There was a report on Thursday out of Charlotte that Bobcats shooting guard Ben Gordon and coach Mike Dunlap had a practice-time confrontation so fractious that ‘Cats management is listening to trade offers. In our continuing series on trading Andrea Bargnani, I’ll explore whether the Toronto Raptors should take advantage of this unforeseen opportunity.
Ben Gordon is a smallish shooting guard who has amassed some healthy scoring statistics during his eight previous NBA seasons. He enjoyed considerable success in Chicago, but after averaging over 20 PPG in 2008-09, signed a free-agent contract with the Detroit Pistons. The boys from Motown have been in a down cycle for several years, and Ben wasn’t able to help them; his scoring numbers tumbled into the low teens, and he was moved to North Carolina in the off-season.

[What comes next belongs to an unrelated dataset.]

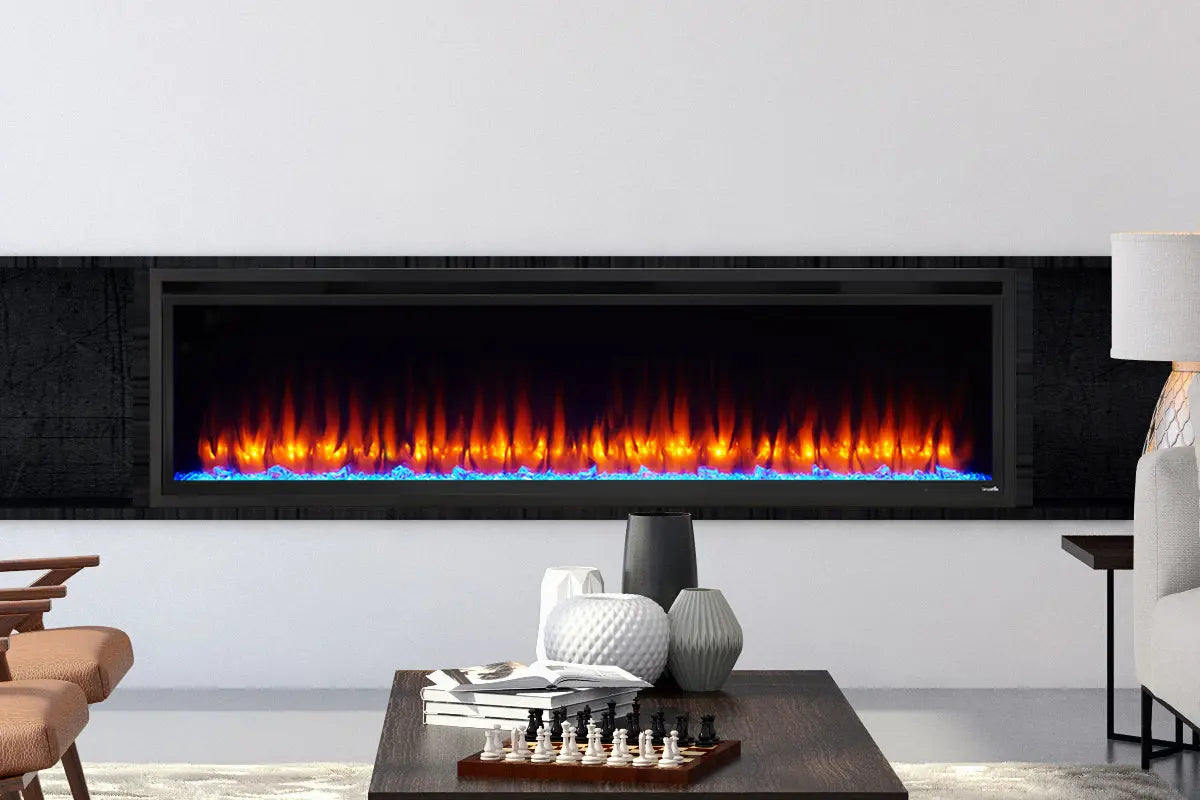 SimpliFire Allusion Platinum 72'' Wall Mount / Recessed  Electric Fireplace SimpliFire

The Bobcats have not proven to be a tonic for Ben’s career. He’s nearly 30 years old, and is averaging 12.6 PPG in 26 MPG off the bench. Ben isn’t cheap – he’s making $12.4M this season, and has a Player Option contract for next at $13.2M, which he’d be mad not to exercise. Does it make sense for the Raps to step even further into salary cap jail in order to move AB, and does Ben help our team make the playoffs this season or in ’13-‘14?
I can’t find much evidence of Ben displaying knucklehead behavior in prior years. Has he simply had enough of losing and wants to force his way out of town, hoping to join a winning team before his career is over? Bryan Colangelo and Dwane Casey have no patience for locker-room malcontents – will they make an exception for Ben Gordon by overlooking this troubling Charlotte incident? He attended Connecticut, as did Rudy Gay; could his fellow alum keep Ben under control? I can’t answer any of these questions, so I’m going to assess this trade strictly on its hardcourt merits.
Feb 25, 2012; Storrs, CT, USA; Connecticut Huskies former player Rudy Gay (center left) stands with his family as he is honored before the Huskies take on the Syracuse Orange at Gampel Pavilion. Syracuse Orange defeated the Connecticut Huskies 71-69. Mandatory Credit: David Butler II-USA TODAY Sports
Ben’s role in Toronto would be as first swingman off the bench when DeMar or Rudy need a rest. He would therefore supplant Alan Anderson, and slice into Terrence Ross’s already emaciated minutes. Ben might also make the depth chart as the third point guard in an emergency. The man can shoot from outside. His career shooting percentage from distance is over 40, and has not dropped off this season (74/181, 40.9%). The Raps have become a perimeter, small-ball team since the departure of Ed Davis, so Ben would certainly be able to step right in offensively. He’s viewed as respectable defensively, although he struggles against taller wings.
What does Andrea Bargnani do for the Charlotte Bobcats? That’s difficult to envision, as they already have a stretch-4 in Byron Mullens. For AB to help, he’d need to play near the basket on offense, which is hardly his strength. He might benefit from having Kemba Walker as his point guard on the high screen and roll.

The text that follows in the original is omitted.